イタリアにはさまざまなパスタのソースがあります。北部でよく食べるもの、南部で食べるものなど、地方によって使用する食材もいろいろです。肉のソースもあれば、魚介のソースもあり。また野菜だけのもあれば、ナッツが主役のソースなど、有名なものだけ挙げていっても、ものすごい数のレシピが存在します。

 日本でパスタ用の肉のソースというと、誰もが知っているのが「ミートソース」。牛(または豚、合挽き肉など)の挽き肉を、タマネギ、ニンジン、セロリなどの野菜のみじん切りと一緒に炒め、トマトソースで煮込んだおなじみの味。コトコト煮込んだ野菜とお肉の美味しさがたまらないソースです。

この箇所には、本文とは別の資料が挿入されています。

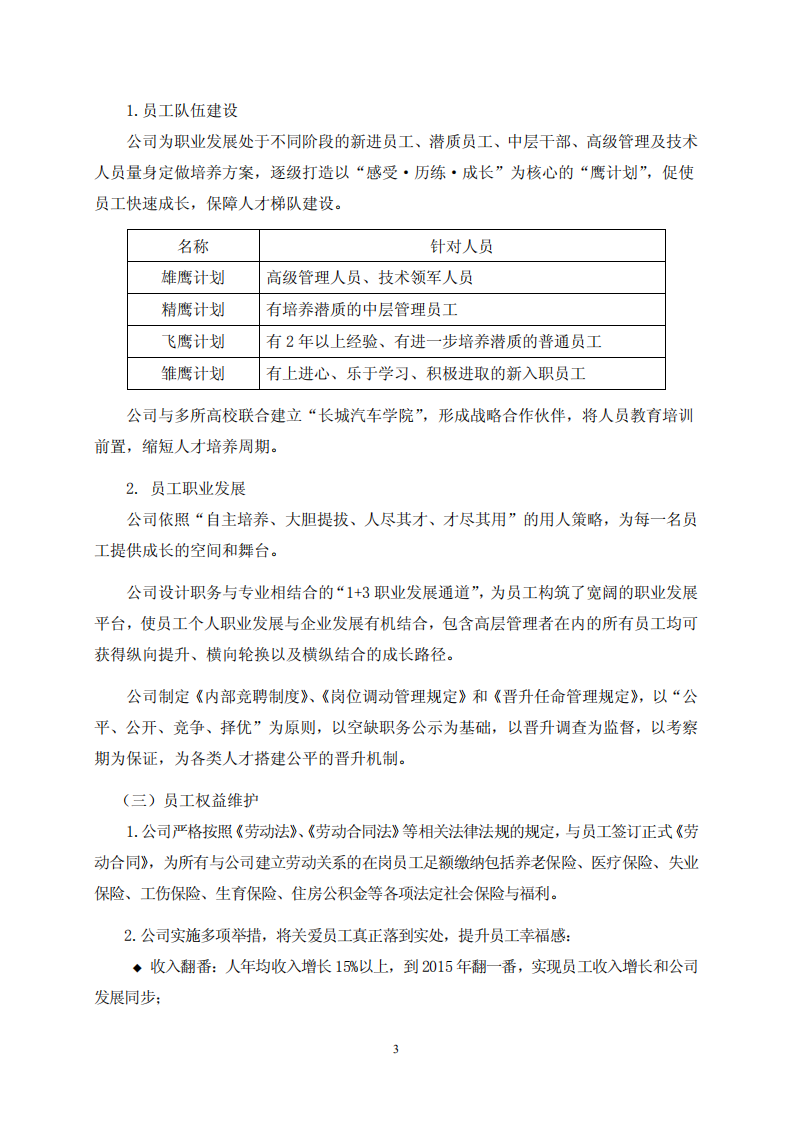长城汽车：2011年社会责任报告.pdf 第4页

 イタリアでは、このミートソースは「ボロネーゼ」と呼ばれ、数ある肉のソースの1つでしかありません。「ボロネーゼ」とは「ボローニャ風の」という意味で、中部イタリアの都市、ボローニャ名物のミートソースのことをいいます。日本のみならず世界中で有名なミートソースは、もともとはイタリアの1つの街の名物料理だったのです。

 一般的に、肉を使ったソースは「ラグー」と呼ばれます。中には、トマトソースの中で肉を塊のまま煮込んだ後に、その肉を取り除き(肉はメイン料理として別にいただきます)、残ったトマトベースの赤いソースを「ラグー」と呼ぶ地域もあります。このソースにはまったく肉が入っていないのに「ラグー=肉のソース」と呼ばれているのです。見た目には濃い色のトマトソースといったところですが、コトコト煮込んだときに塊肉から出てくる肉汁がトマトソースにしみ出ていて、この地域ではとても人気のあるパスタソース、家庭料理です。

疲労回復に効果のある鶏むね肉の白いミートソース

白いミートソースパスタ
白いミートソースパスタ

 今回紹介するのは、鶏むね肉をつかった「白いミートソース」のパスタ。鶏肉、とくにむね肉は高タンパクで低カロリー。しかも、むね肉のタンパク質は必須アミノ酸のバランスがよく、消化吸収がとても良いと言われています。また、ビタミンBの一種であるナイアシンを豊富に含んでいます。ナイアシンは炭水化物、タンパク質、脂質の代謝にかかわる大事な補酵素として活動します。

 さらにむね肉は、疲労回復に良い成分イミダペプチドを含んでいることでも知られています。運動後の疲労回復に、消化吸収の良い鶏むね肉はもってこいの食材。調理の際、むね肉は加熱すると硬くしまりがちですが、細かく切ってから煮込むことで、肉の硬さは気にならなくなります。ご家庭でも簡単に作れるミートソース、ぜひお試しください。